Aber ansonsten? Toll.
Ich war schon früh am Venue - wer mich kennt, kennt das. Anfangs sah das echt mau aus. Kaum Leute. Dafür hatte ich die Gelegenheit länger mit John Robb zu reden. John Robb ist der Sänger der Membranes/von Goldblade. Außerdem ist er derjenige, der das Oral-History für den englischen Punk geschrieben hat. Er hat zudem einen eigenen Blog (Louder than War) und meldet sich eigentlich zu allem, was musikalische geschieht, zu Wort. Kluger Mann und auf der Bühne eine Rampensau. Ich hatte ihn schon öfters in Blackpool gesehen und auch gesprochen. War ein sehr nettes Gespräch über das, was alle derzeit umtreibt: Trump und das Gelärm der Populisten/der Rechten weltweit.

Overweight
Als erste Band spielten dann "Overweigt" aus Belgien. Fünf Menschen, die eine nette Form von Skapunk spielten. Unterhaltsam - nicht besonders nachhaltig. Aber als Opener waren die eigentlich ideal. Dumm war nur, dass vielleicht 20 Menschen dem beiwohnten. 17.20 war nicht die Zeit, wo schon viele da waren. Eine gute halbe Stunde spielte die Band und nahm den Umstand des fehlenden Publikums sportlich. Nun denn. Was erwähnenswert ist, dass der Sänger zugleich auch Posaune spielte. Dabei ist der nicht ganz so abgefahren wie der Sänger von Random Hand, der es fertig bringt, zu all dem auch noch wie ein Verrückter rumzuspringen. Aber es ist schon beeindruckend, was für ein Lungenvolumen solche Menschen haben müssen.
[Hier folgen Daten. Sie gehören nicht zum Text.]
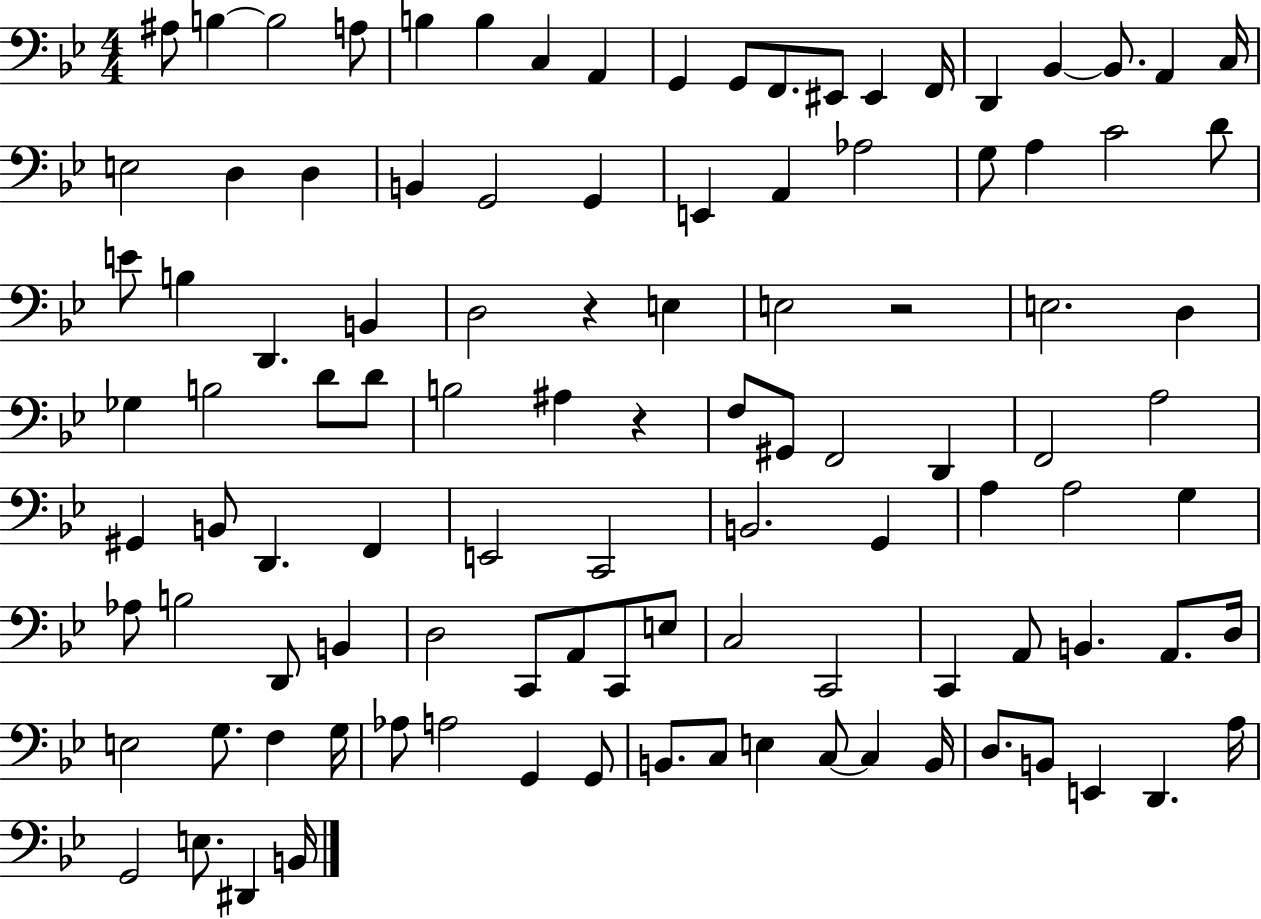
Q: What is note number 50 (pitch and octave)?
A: F2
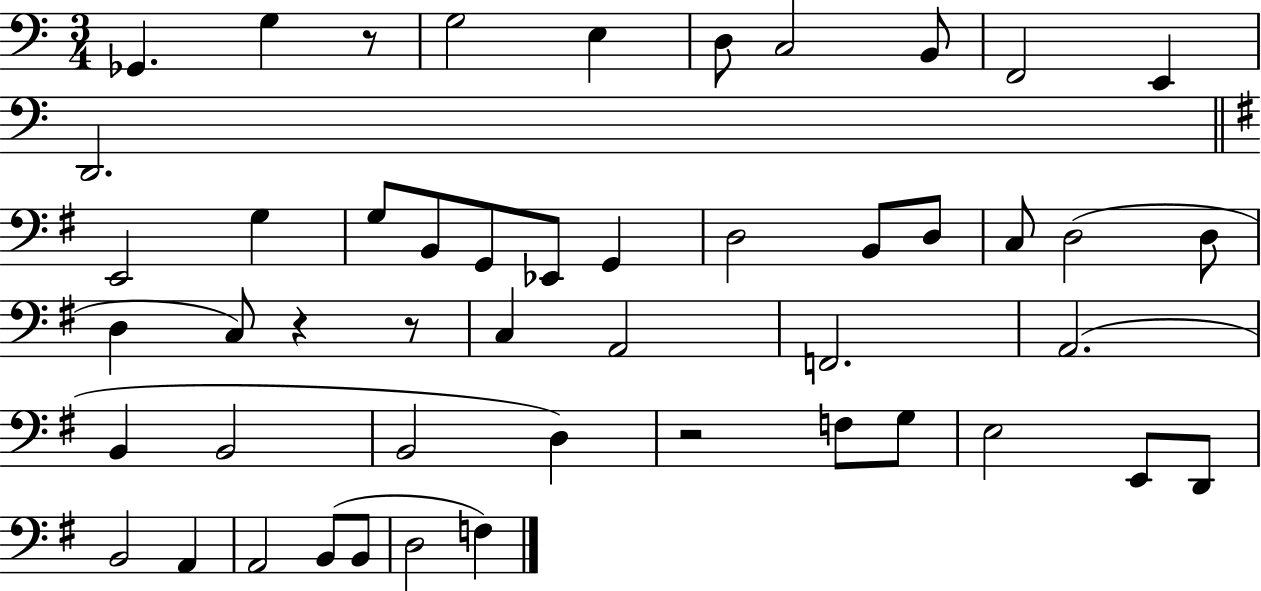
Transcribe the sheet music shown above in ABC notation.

X:1
T:Untitled
M:3/4
L:1/4
K:C
_G,, G, z/2 G,2 E, D,/2 C,2 B,,/2 F,,2 E,, D,,2 E,,2 G, G,/2 B,,/2 G,,/2 _E,,/2 G,, D,2 B,,/2 D,/2 C,/2 D,2 D,/2 D, C,/2 z z/2 C, A,,2 F,,2 A,,2 B,, B,,2 B,,2 D, z2 F,/2 G,/2 E,2 E,,/2 D,,/2 B,,2 A,, A,,2 B,,/2 B,,/2 D,2 F,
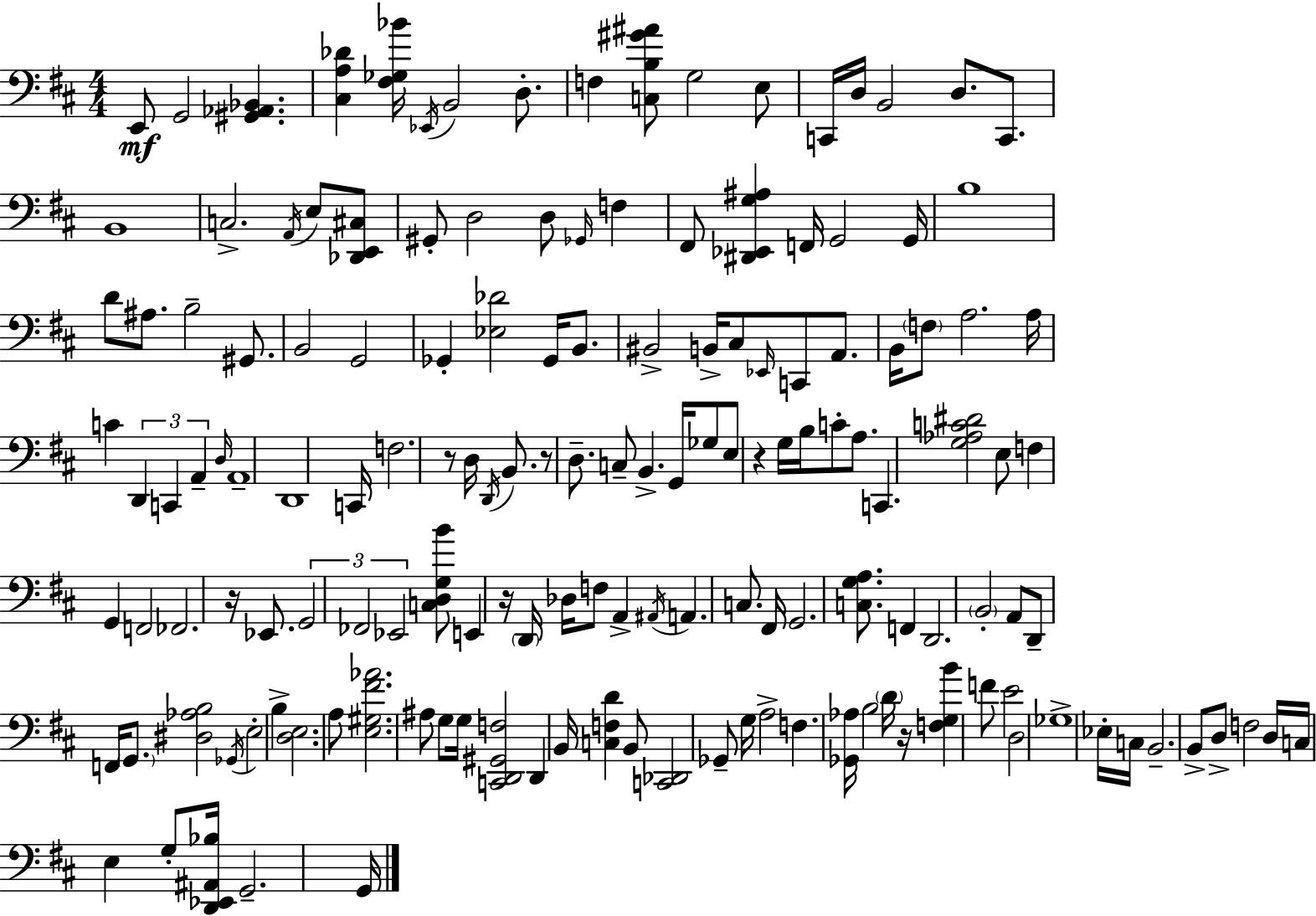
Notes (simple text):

E2/e G2/h [G#2,Ab2,Bb2]/q. [C#3,A3,Db4]/q [F#3,Gb3,Bb4]/s Eb2/s B2/h D3/e. F3/q [C3,B3,G#4,A#4]/e G3/h E3/e C2/s D3/s B2/h D3/e. C2/e. B2/w C3/h. A2/s E3/e [Db2,E2,C#3]/e G#2/e D3/h D3/e Gb2/s F3/q F#2/e [D#2,Eb2,G3,A#3]/q F2/s G2/h G2/s B3/w D4/e A#3/e. B3/h G#2/e. B2/h G2/h Gb2/q [Eb3,Db4]/h Gb2/s B2/e. BIS2/h B2/s C#3/e Eb2/s C2/e A2/e. B2/s F3/e A3/h. A3/s C4/q D2/q C2/q A2/q D3/s A2/w D2/w C2/s F3/h. R/e D3/s D2/s B2/e. R/e D3/e. C3/e B2/q. G2/s Gb3/e E3/e R/q G3/s B3/s C4/e A3/e. C2/q. [G3,Ab3,C4,D#4]/h E3/e F3/q G2/q F2/h FES2/h. R/s Eb2/e. G2/h FES2/h Eb2/h [C3,D3,G3,B4]/e E2/q R/s D2/s Db3/s F3/e A2/q A#2/s A2/q. C3/e. F#2/s G2/h. [C3,G3,A3]/e. F2/q D2/h. B2/h A2/e D2/e F2/s G2/e. [D#3,Ab3,B3]/h Gb2/s E3/h B3/q [D3,E3]/h. A3/e [E3,G#3,F#4,Ab4]/h. A#3/e G3/e G3/s [C2,D2,G#2,F3]/h D2/q B2/s [C3,F3,D4]/q B2/e [C2,Db2]/h Gb2/e G3/s A3/h F3/q. [Gb2,Ab3]/s B3/h D4/s R/s [F3,G3,B4]/q F4/e E4/h D3/h Gb3/w Eb3/s C3/s B2/h. B2/e D3/e F3/h D3/s C3/s E3/q G3/e [D2,Eb2,A#2,Bb3]/s G2/h. G2/s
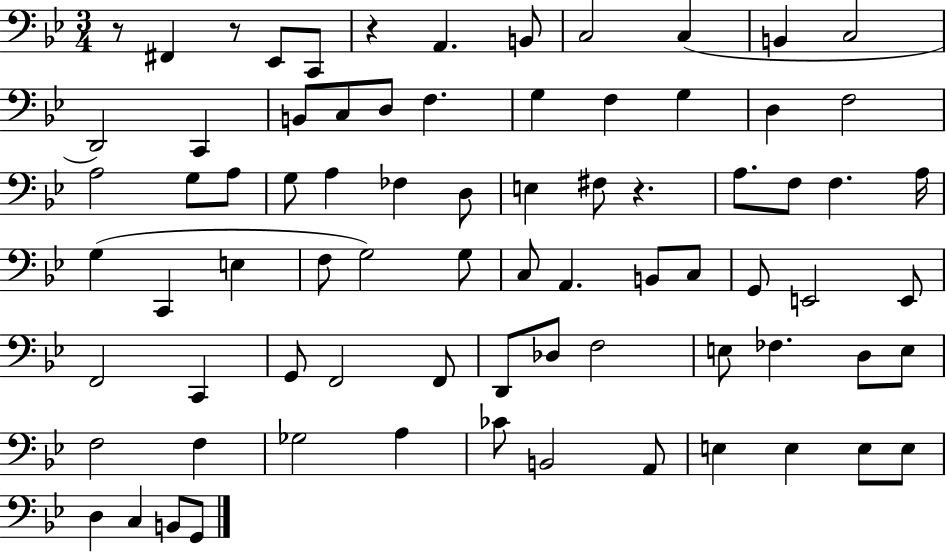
R/e F#2/q R/e Eb2/e C2/e R/q A2/q. B2/e C3/h C3/q B2/q C3/h D2/h C2/q B2/e C3/e D3/e F3/q. G3/q F3/q G3/q D3/q F3/h A3/h G3/e A3/e G3/e A3/q FES3/q D3/e E3/q F#3/e R/q. A3/e. F3/e F3/q. A3/s G3/q C2/q E3/q F3/e G3/h G3/e C3/e A2/q. B2/e C3/e G2/e E2/h E2/e F2/h C2/q G2/e F2/h F2/e D2/e Db3/e F3/h E3/e FES3/q. D3/e E3/e F3/h F3/q Gb3/h A3/q CES4/e B2/h A2/e E3/q E3/q E3/e E3/e D3/q C3/q B2/e G2/e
John Robb zum Ersten: Membranes
Dann kamen die "Membranes". Auf die war ich sehr gespannt. Das neue Album wird ja hoch gelobt. Und 2015 in Blackpool habe ich sie mir nicht angesehen, weil irgendeine andere Band Priorität hatte. Hatte ich mir bei John Robb dieses Album (Dark Matter/Dark Energy) vorher noch gekauft, saß ich da direkt hinter dem Mischpult und war gespannt. Vor Jahren besaß ich eine CD mit frühen Membranes-Songs. Das hatte mich nicht wirklich vom Hocker gehauen. Doch das, was die Band da aktuell auf die Bühne bringt, ist schon beeindruckend. Ganz anders als Goldblade. Sind Goldblade eher eine klassische Punkband, ist das Label "Postpunk" für die Membranes angebracht...auch wenn dieses Label ja alles und nichts sagt. Gerade dieses aktuelle Album beinhaltet einen Stilmix, bei dem alles Mögliche wiederzuentdecken ist: bis hin zu Krautrockelementen findet sich viel in diesem Sound, der auch etwas Schrammliges hat. Irgendwo las ich, dass sich die Band stilmäßig irgendwie zwischen alle Stühle setzt. So ist es. Und darin sind sie wirklich interessant. Da John Robb bei den Membranes den Bass spielt, agiert er notgedrungen verhaltener. Leider spielten auch die Membranes nur ein wenig mehr als eine halbe Stunde. Da hätte ich mir sehr viel mehr gewünscht. Hoffentlich kommen sie mal auf Tour nach Deutschland. Das hatte John Robb wenigstens angedeutet.

Funeral Dress
Als Drittes spielten "Funeral Dress" aus Belgien. Streetpunk. Eine Band, die aus der Anarchoszene kommt. Nicht schlecht. Und dann doch auch langweilig. Auch im Rückblick: auf die Band hätte ich wirklich verzichten können. Da war nichts eigenes. Einfach nur eine Variation vom Längsbekannten. Hmmmm. Anderseits füllte sich bei der Band erstmals der Saal soweit, dass ich nicht mehr das Gefühl hatte, es wäre kaum jemand da. Das war auch der einzige Wermutstropfen bei den Membranes: es war mehr als 20 - aber keine 50 Menschen, die da zuhörten. Jedenfalls scheinen "Funeral Dress" in Belgien bekannt zu sein. Es waren viele, die die Band abfeierten und ihren Spaß hatten. Vom Äußeren machte übrigens der Sänger der Band den Eindruck als dass er ein großer Fan vom Subhumans/Citizen Fish Sänger ist: ähnlich abgerissen und ein vergleichbarer Stil auf der Bühne. Als Nachtrag: bevor ich in das Venus hineingegangen war, war ich im Cafe neben dem Het Depot gewesen: da war so eine Art Plattenbörse, wo aber nur Menschen aus der linken Szene Tische hatten. Insgesamt scheint die Linke Szene/Anarchoszene in Belgien recht vital zu sein. 95% der Bandnamen - und das waren nicht wenige - hatte ich noch nie gehört. Interessant, was man so alles entdecken kann.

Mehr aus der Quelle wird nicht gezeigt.